Answer: Thank you very much. Our success can be solely attributed to culture. In the three years I’ve been at Francis Marion, we have strived to build a positive, uplifting, and productive culture for our players. We have been developing our young women as much off court (to graduate and be productive citizens in their communities) as we are on court (in attempting to take the team back to the NCAA Division-II National Tournament).
In the next few years I would like to see the program rank in the top 25 in the nation, as well as have a 100% graduation rate.
Question: Wow, what a difference a cultural shift can make! I imagine that assistant coaches are an integral part of your success. What do you look for in potential applicants when hiring an assistant coach?
Answer: Yes, assistant coaches play a vital role in the success of the program. Loyalty, leadership, dedication, enthusiasm, and of course a vast understanding of basketball are all extremely important qualities that our assistant coaches must exude.
Question: What’s your philosophy on coaching and getting the most out of your players?
Answer: My coaching philosophy is based on the concepts of tough love and accountability. I can be very hard on my players, but they understand that I want to see them fulfill their potential and achieve all of our goals. When our players take responsibility for the team, we are successful.
Question: Well I’d definitely say that your philosophy is working. What do you like most about your job and what do you find the most rewarding?
Answer: I absolutely love that basketball allows me to provide young women with opportunities that will affect their lives as players and outside of basketball. It gives me great pleasure to see them develop into great individuals and players. What I find most rewarding is the trust and relationships that I have built with the team. Knowing that they play very hard for me and that we are in it together, through thick and thin, is the most rewarding aspect of my job.

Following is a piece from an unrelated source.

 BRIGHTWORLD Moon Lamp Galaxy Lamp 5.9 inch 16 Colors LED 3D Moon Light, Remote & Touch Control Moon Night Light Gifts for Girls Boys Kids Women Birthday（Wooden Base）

Question: Sounds so rewarding. What do you like the least about your job and what do you find the most difficult?
Answer: What I believe is the most difficult aspect of coaching in general, in any sport, is the performance-based continuum. The coaching profession is very tough, especially because there is constant pressure to win, but schools/management frequently do not give much time for development. The Francis Marion Athletic Department has a great understanding of this, and it truly is a wonderful place to be employed.
Question: Why do you think that it is important for females to be involved in sports and have sports-related careers?
Answer: I believe that sports are a way for females to stay focused, inspired, and goal-oriented for a lifetime. Sports provide positive environments, enrich lives, promote healthy lifestyles, and teach valuable life lessons.
Question: If a young girl were interested in following your career path, what education and certifications would she need to focus on getting and what would be your advice to her?
Answer: Obviously she would need to have a Bachelor’s Degree, to accompany her playing resume. She will be much more marketable for job opportunities if she has a Master’s Degree. Many opportunities for young women to attain Master’s Degrees are provided through graduate assistant programs, such as the one I did with Concord.
Question: I know you have taken a look at our definition of a GladiatHer, but tell us what you think of when you think of a GladiatHer?
Answer: When I think of a GladiatHer, the first person that comes to mind is former University of Tennessee Head Coach and Hall of Famer, Pat Summitt. In the words of Stanford Coach Tara VanDerveer, “Pat Summitt is a metaphor for excellence and hope.” Besides the amazing job she did for Tennessee, Coach Summitt redefined the women’s game. She has been and always will be who I inspire to be like. Pat Summitt is my role model and the true definition of a GladiatHer.
Thank you so much for your time! Best of luck with recruiting for the upcoming season.